** TASK INSTRUCTIONS **
All of the lines below need to be copied exactly, apart from the pictures.
*** WORKING DATA
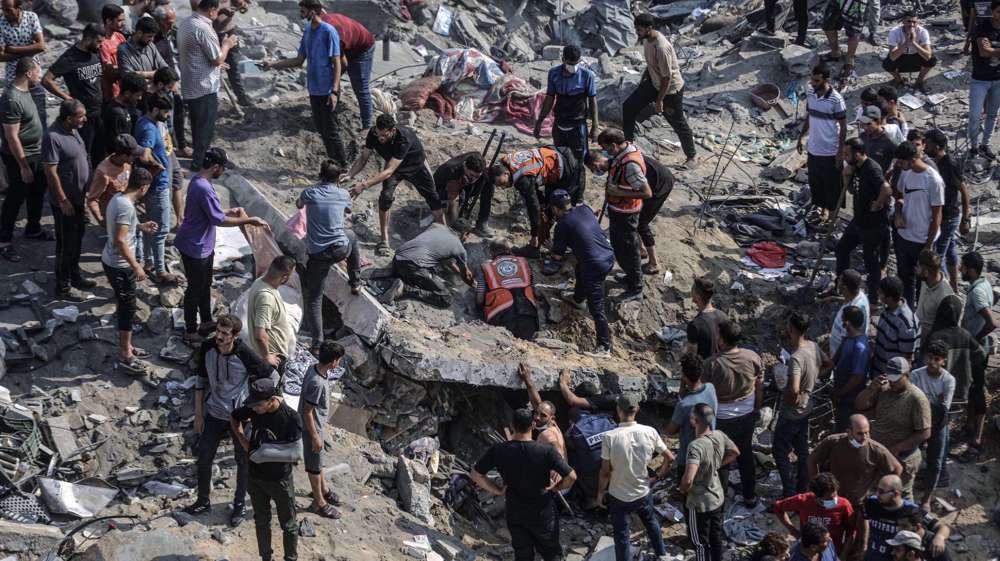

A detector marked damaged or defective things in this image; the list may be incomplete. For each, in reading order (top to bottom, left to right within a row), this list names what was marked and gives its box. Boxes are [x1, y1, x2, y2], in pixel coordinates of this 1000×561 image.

broken concrete slab [223, 174, 390, 342]
broken concrete slab [0, 520, 63, 556]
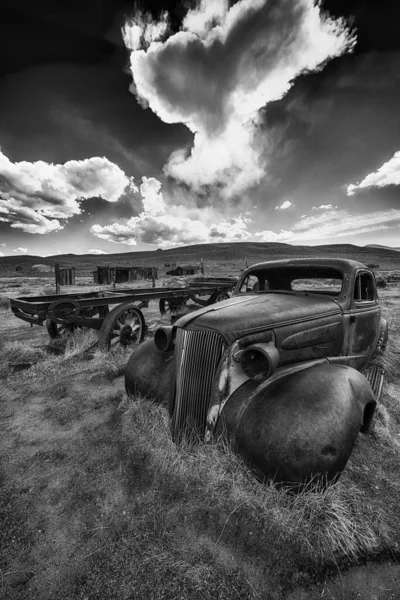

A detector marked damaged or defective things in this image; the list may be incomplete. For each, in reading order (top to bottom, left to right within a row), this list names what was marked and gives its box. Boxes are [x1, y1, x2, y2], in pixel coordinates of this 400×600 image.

abandoned car [125, 258, 388, 488]
rusty car body [125, 258, 388, 488]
******
** RESPONSE TO THE EXERCISE **
A detector marked damaged or defective things in this image; the list may be incomplete. For each, in reading order (top to bottom, left to right within a row), this list names what was marked and gives its box. Boxes are [x1, y1, x2, y2], in pixel coordinates of this 1000×561 image.

broken concrete slab [223, 174, 390, 342]
broken concrete slab [0, 520, 63, 556]

A detector marked damaged or defective things in this image; the list may be incomplete. For each, in reading order (top to bottom, left to right within a row), this list names what was marked and gives its box. Boxes are [x1, y1, x2, y2], in pixel coordinates of this 400×600 image.

abandoned car [125, 258, 388, 488]
rusty car body [125, 258, 388, 488]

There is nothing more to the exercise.